In our time, John Adams (composer, conductor and clarinetist, born 1947) is one of America's leading composers, as well as conductor and clarinettist. He wrote the 1987-premiered opera Nixon In China, libretto by Alison Goodman, inspired by President Nixon's 1972 visit to the People's Republic of China.
Yes: Guiseppe Verdi does indeed translate as Joseph Green. That was Benny Green's point in his newspaper column, that an "ordinary" name is not a sign of lower quality. We tend to think of names in other languages as somehow exotic, as you see in cookery, but really they are no more exotic than our own. I think if you were to translate a French, German or Italian operatic aria, or one of Schubert's Lieder (which simply means "songs"!) into English, it would be in quite simple language. Poetry, yes, and in its own writer's and country's literary styles of their times, but not ever so fancy.
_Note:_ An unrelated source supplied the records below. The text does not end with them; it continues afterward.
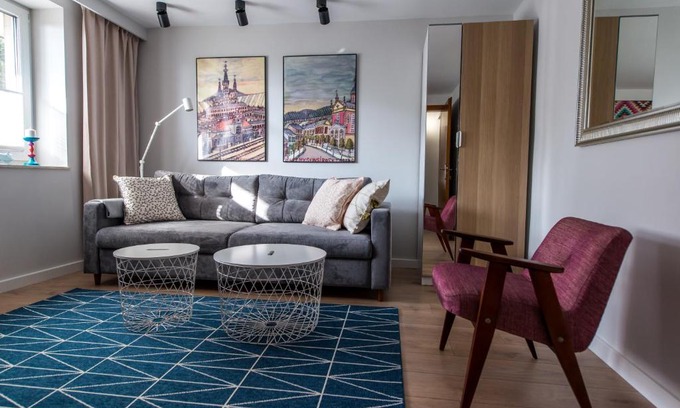 Krynica-Zdroj Apartamento | Apartament Wilaneska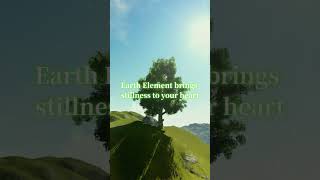 Heart Chakra Healing Music |    Earth Element Inner Stability &amp; Deep Peace 🌍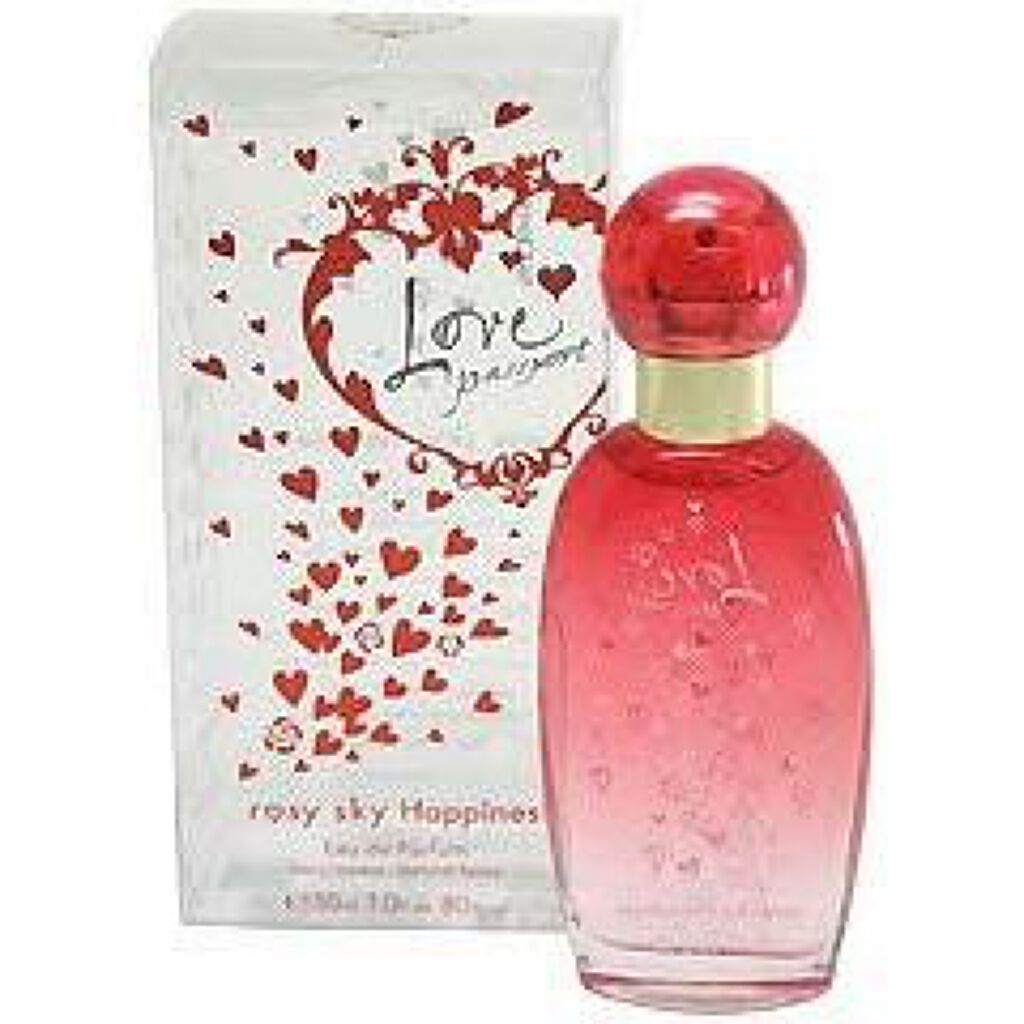 ロージースカイ ハピネス オードパルファムスプレー ラブパスポート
I live near the "isle" of Portland, source of the world-famous white limestone "Portland Stone" - some of it was even used for your Mason-Dixon Line markers. Some years ago now, the local newspaper showed a photograph of a very elaborate bas-relief carving in the rock, made by the masonry works on Portland to order for the palace gateway of a Middle Eastern potentate with a characteristic, very long Arabian name that's almost a family-tree. The objects in the carving represent aspects of the family's life; and right in the middle is an anvil. Why? Among all their "Abdul bin... " elements, the family name is.... Smith!